Some people might say it's a waste of time, but really, I see it as a conversational investment. I will never be the person at a cocktail party who either sits on the sidelines saying nothing, or blathers on about the same thing over and over again. I have something to talk about with complete strangers on the subway, or a potential donor. With older people, I can talk about old movies (I'm a huge Bette Davis fan), with younger people, I can discuss social media. My love of the weird and wonderful often comes in handy; discussing my thesis chapter on leprosy or the practice of mummification are two things that tend to create some of the most lively discussions.

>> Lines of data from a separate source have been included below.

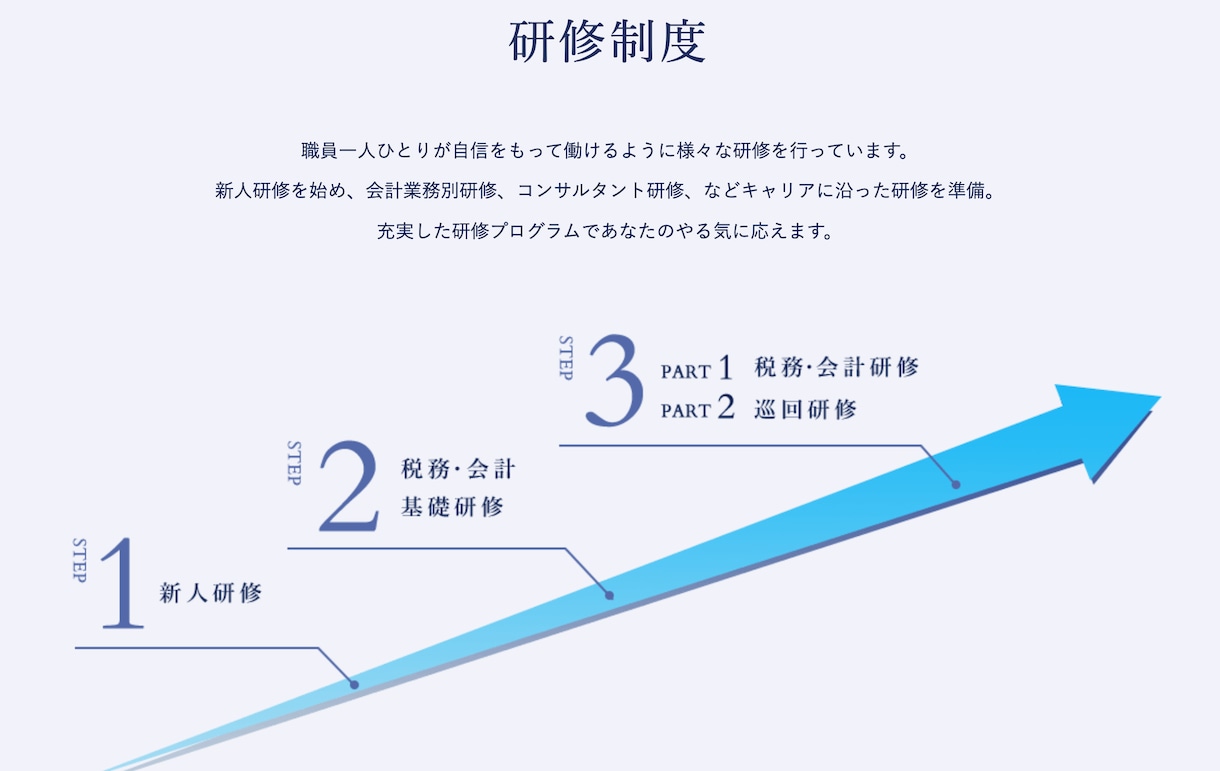 応募者の質が上がる採用サイト作ります 採用サイトをリニューアルしたら、応募が10倍に！ イメージ6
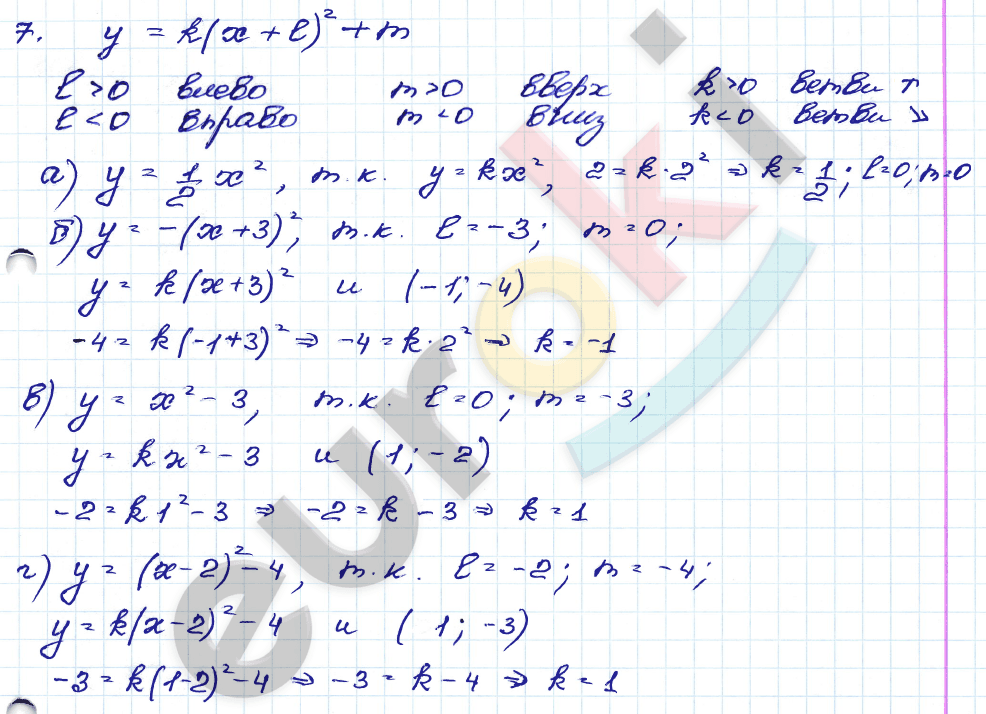 Алгебра 8 класс. ФГОС Мордкович, Александрова, Мишустина Задание 7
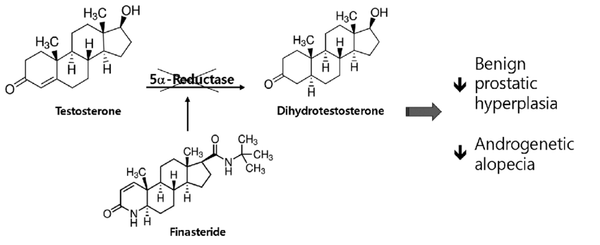 Unveiling the Pathology of PFS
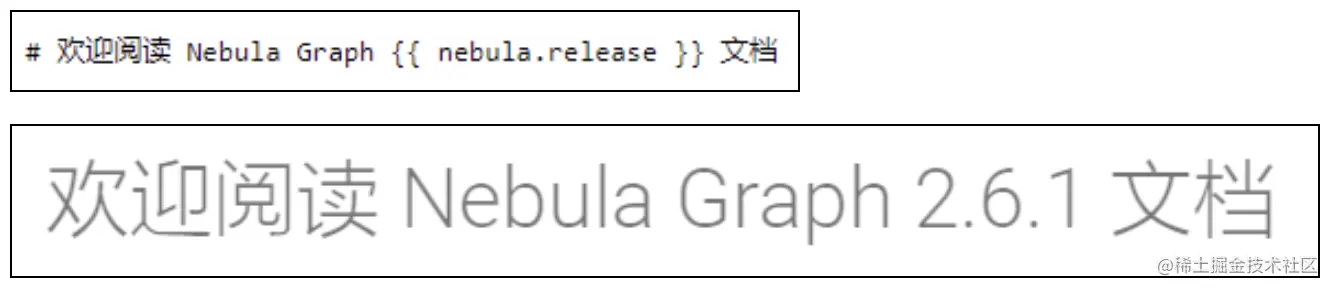 如何打造多版本文档中心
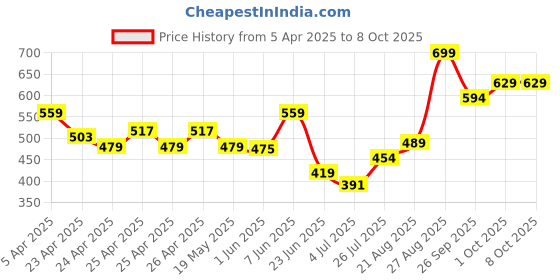 ajio.com performax Men Side Panel Regular Fit Shorts performax Price History Graph from 5 Apr 2025 to 8 Oct 2025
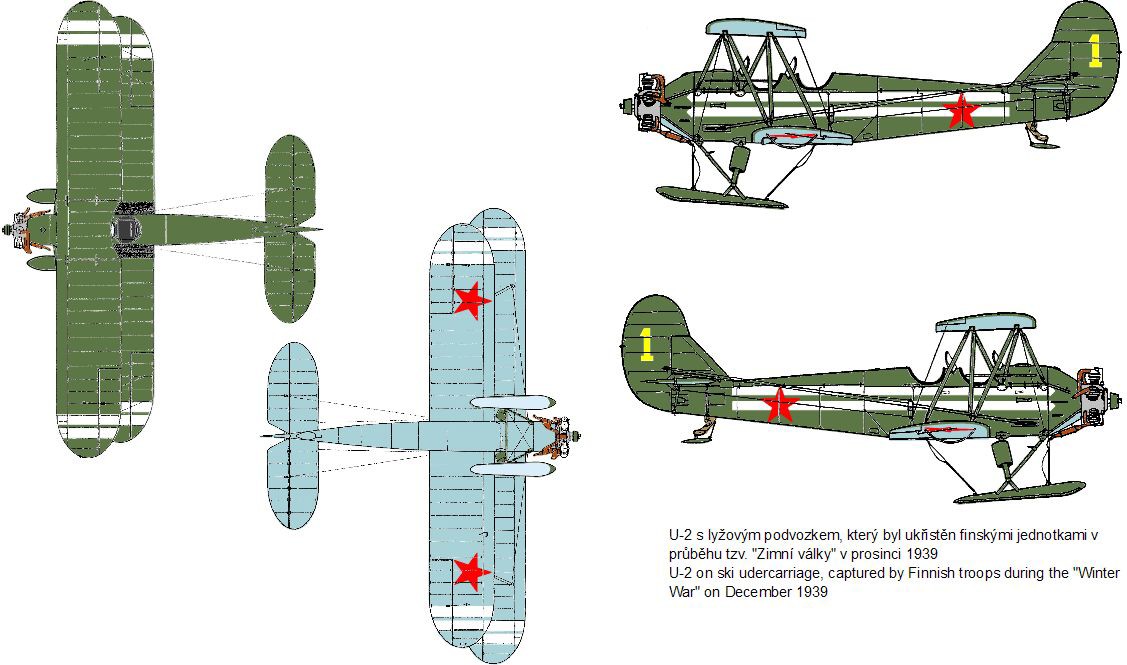 Polikarpov Po-2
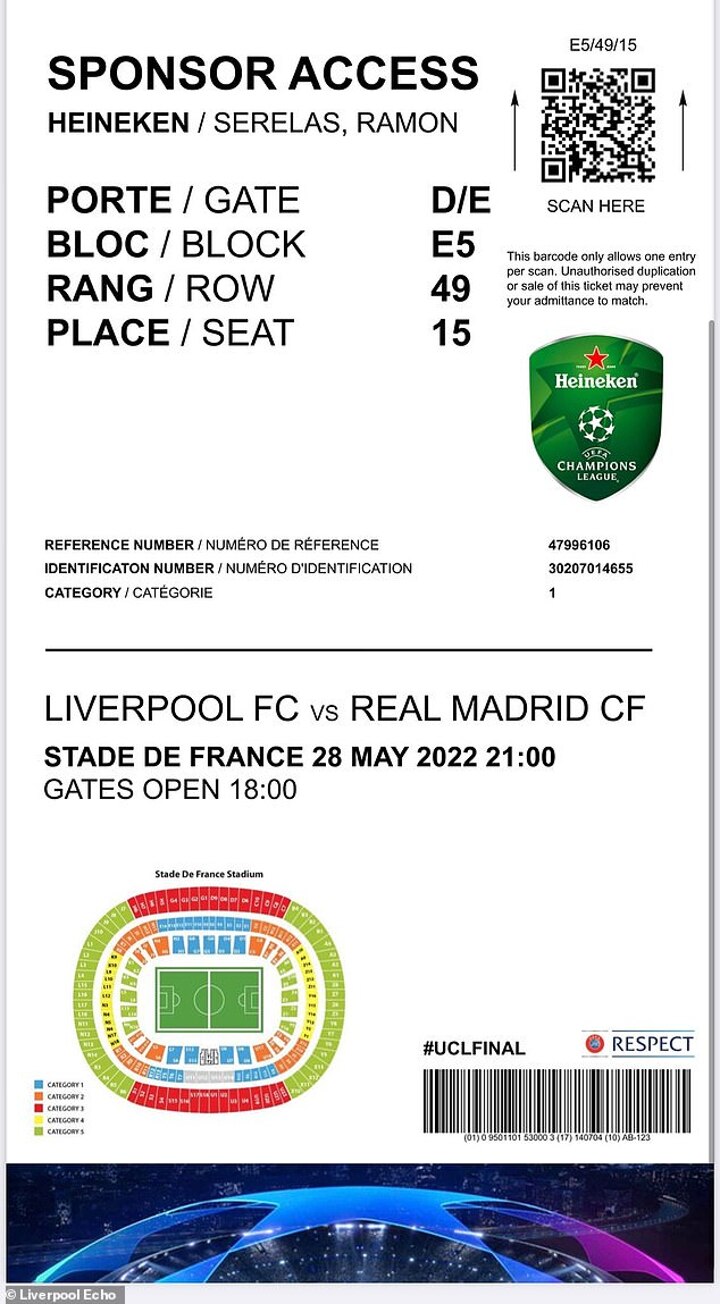 Lfc champions league final tickets 2025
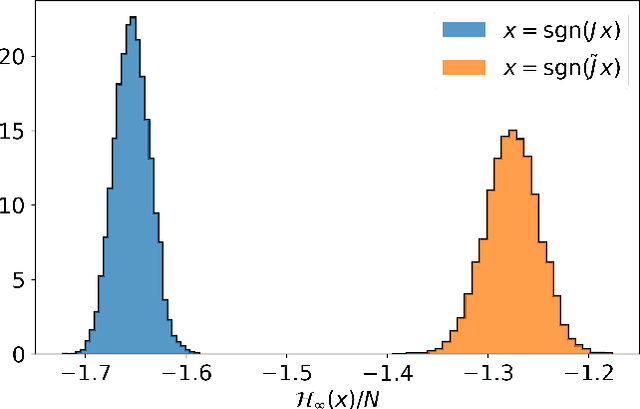 Figure 3 for A Probability Density Theory for Spin-Glass Systems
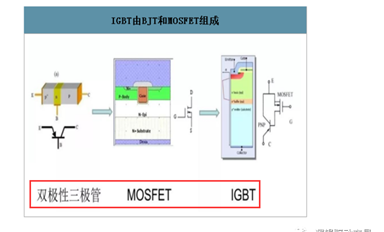 芯片:IGBT行業(yè)的機會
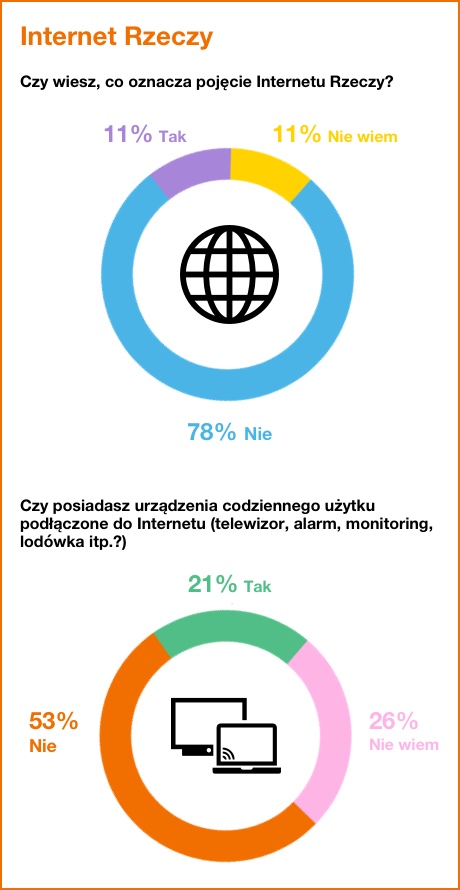 Internet rzeczy infografika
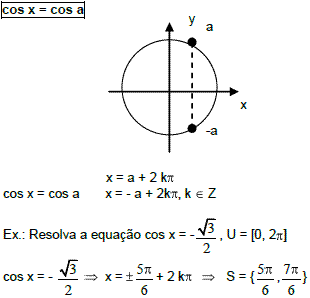 Equações e Inequações Trigonométricas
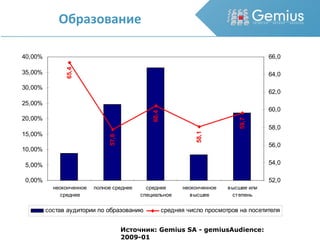 Образование Источник: Gemius SA - gemiusAudience: 2009-01 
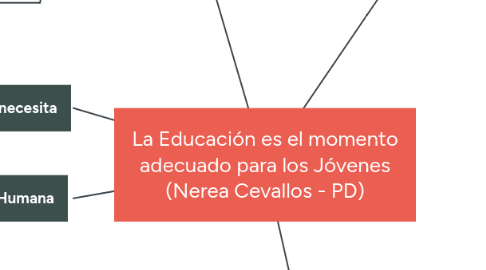 Mind Map: La Educación es el momento adecuado para los Jóvenes (Nerea Cevallos - PD)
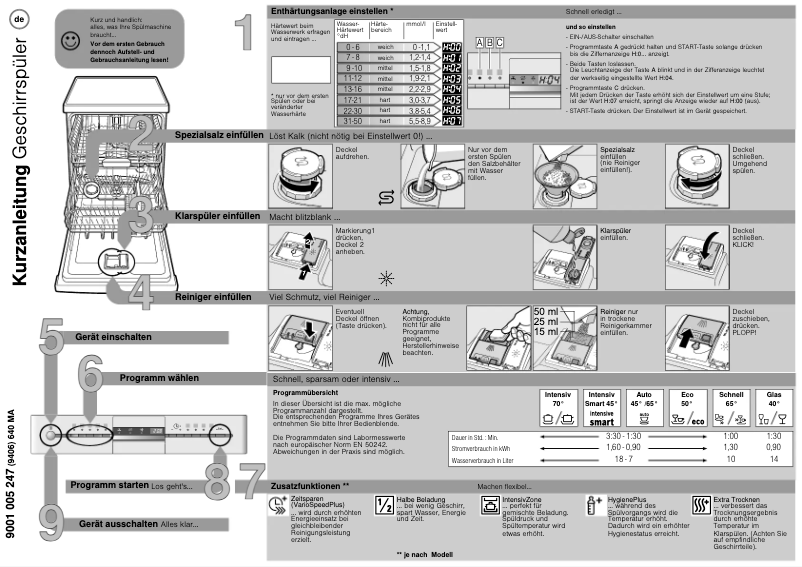 Page n°1 - Manuel utilisateur Siemens SN58P564DE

Two things I tend to avoid in networking are politics and religion (specifically Judaism, Christianity, or Islam; there is less of a risk in discussing Hinduism or Zen). These two topics can create very heated discussions, and nothing breaks down a burgeoning relationship faster than political or religious tension. There have been plenty of wars started over these issues (think WWII's politics, or the Balkan religious conflict), but I've yet to see a war over whether Meryl Streep is the greatest living actress or not, or whether solar or wind power will be the next big energy industry. Also, avoid talking about your personal health. No one wants to hear about your cough, catarrh, or canker sores.

Before you go to your next networking event, consider your conversational repertoire. If your event is an industry conference, have you read the work of the presenters? Do you know the latest trends? If there's a social event, consider clicking through Google News or CNN for a round-up of the day's headlines, or skimming Wikipedia for summaries of the latest bestseller books. Other sources for good conversational fodder are shows like Oprah, Today, or anything on PBS. Make sure you have some light and fluffy material (the latest hit video on YouTube) and something more serious in stock (are speculators really to blame for the increase in oil prices?).

The worst thing you can do is be the person who talks about one thing and bores those he is talking to. If you feel like you may be dominating the conversation, step back and ask, "What do you think?" of the person next to you. Smile and act graciously; don't overdo anything. With a good library of topics, you won't be left speechless when the group begins discussing the layoffs on Wall Street over the subprime lending debacle, or has Angelina Jolie actually given birth yet.